Starting at the line with "Noir Valence Sunglasses", retype every remaining line of the records exactly. Do not include pictures.

*** Provided information ***

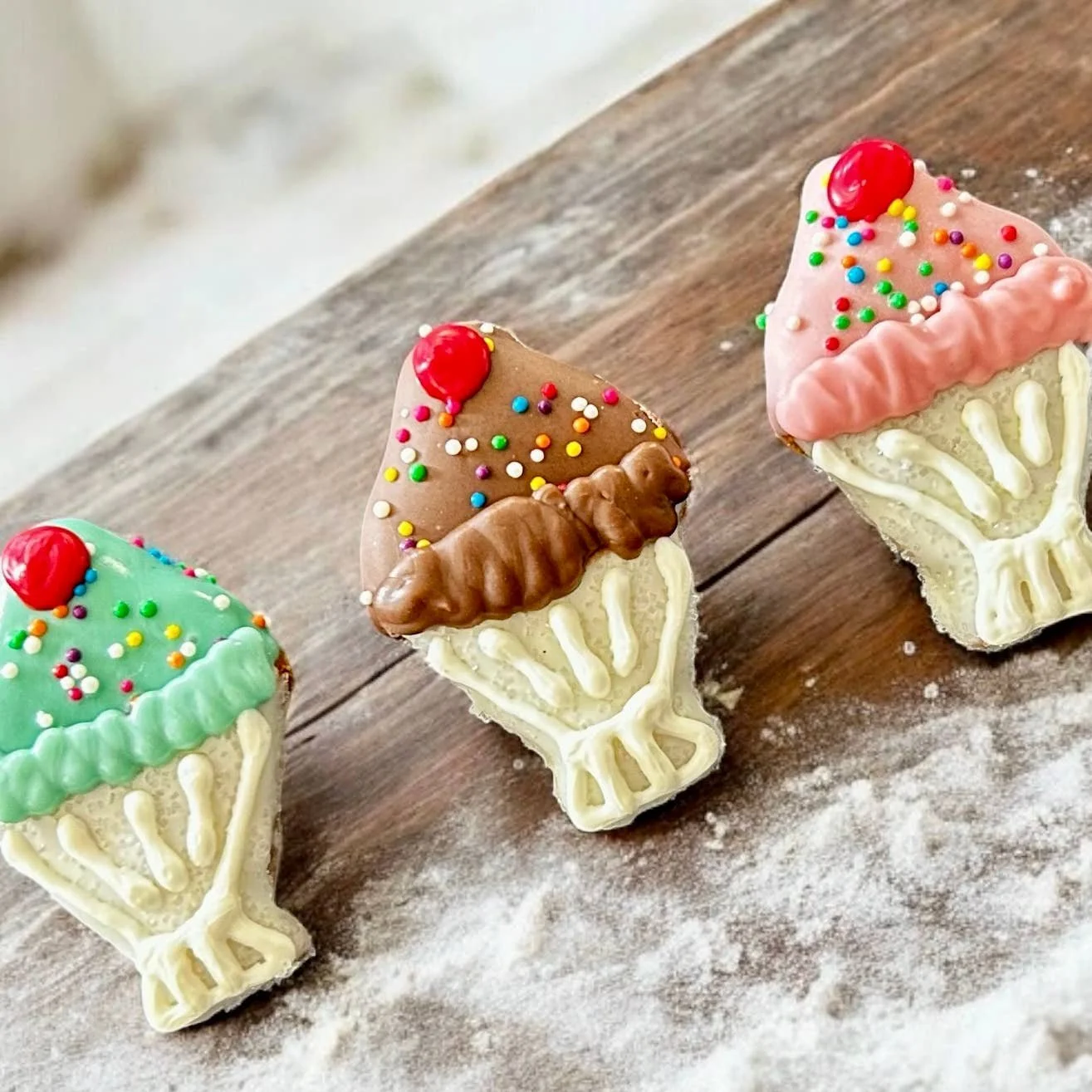 Mini Sundae Cookie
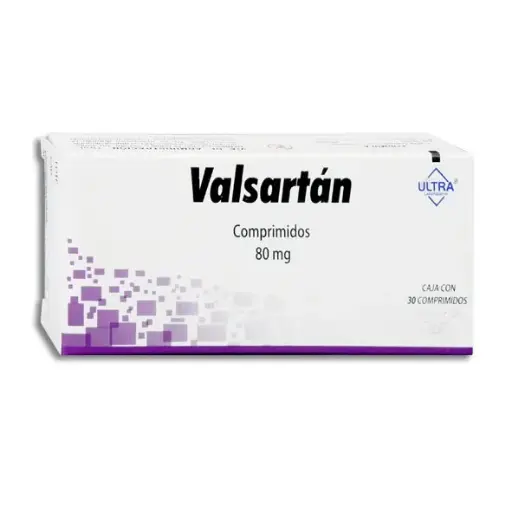 [7502216797369] VALSARTAN ULTRA Comprimidos - c/30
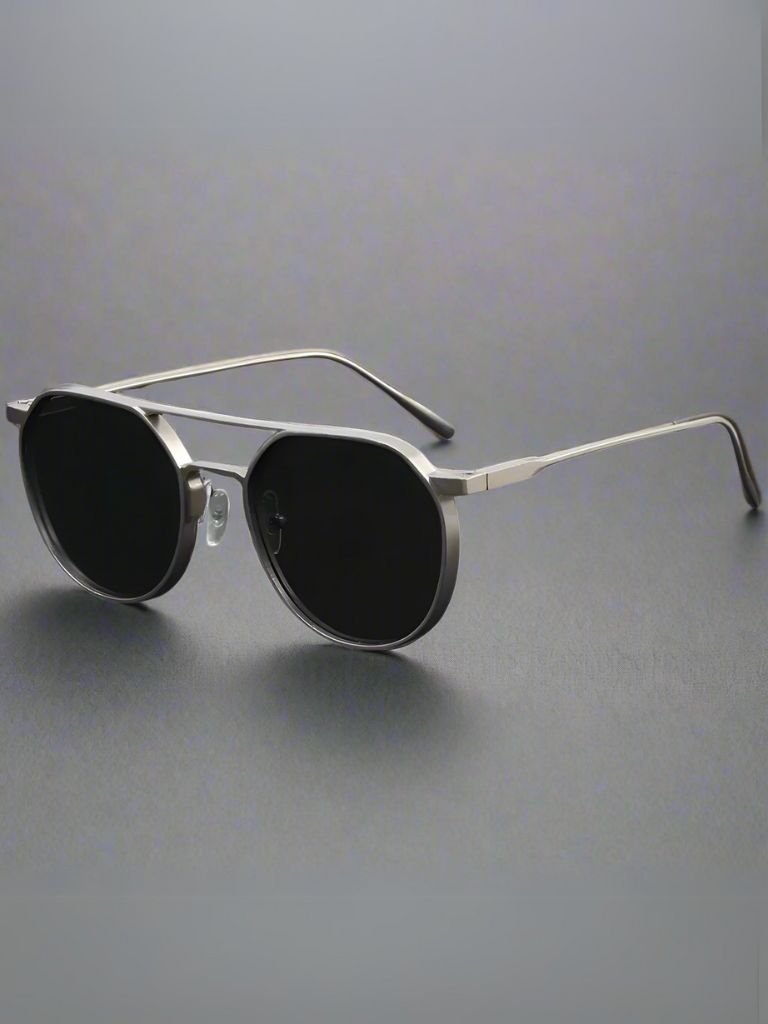 Noir Valence Sunglasses - Cross & Crown - Cross & Crown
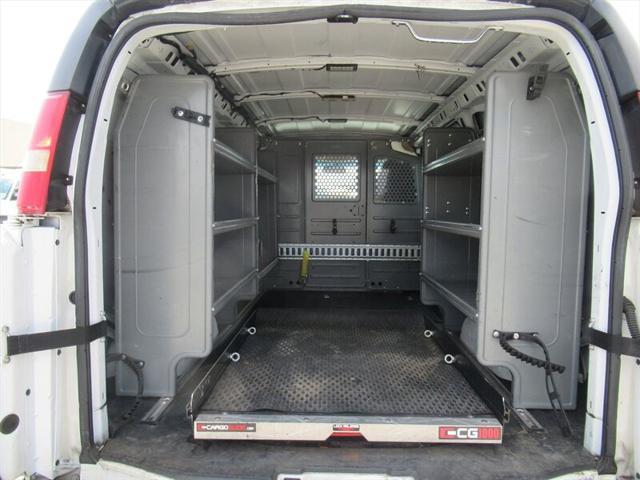 used 2015 Chevrolet Express 2500 car, priced at $16,995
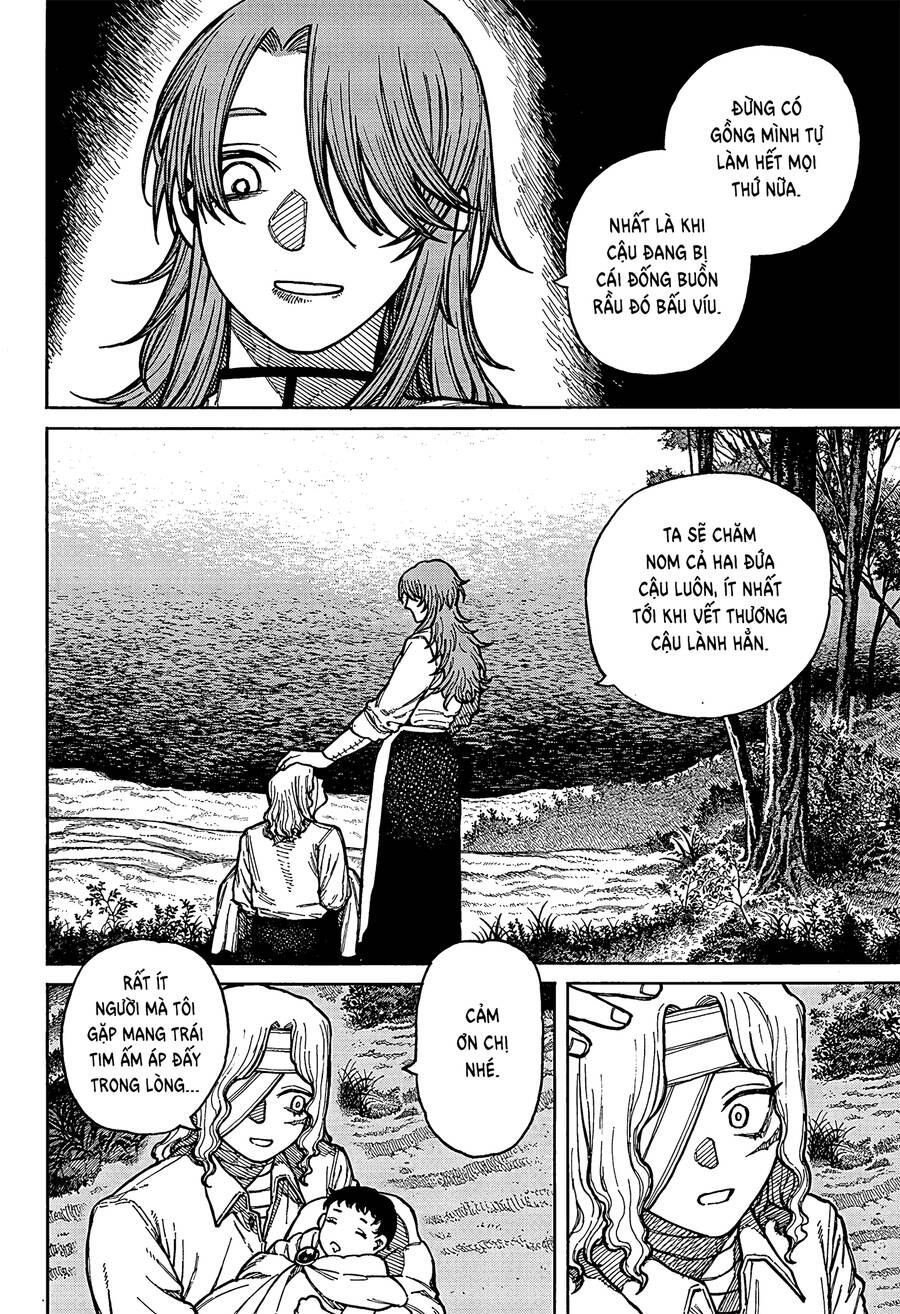Centuria Chapter 3 - TC Truyện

*** End of Provided information ***

| Response to this task |
 Noir Valence Sunglasses - Cross & Crown - Cross & Crown
 used 2015 Chevrolet Express 2500 car, priced at $16,995
Centuria Chapter 3 - TC Truyện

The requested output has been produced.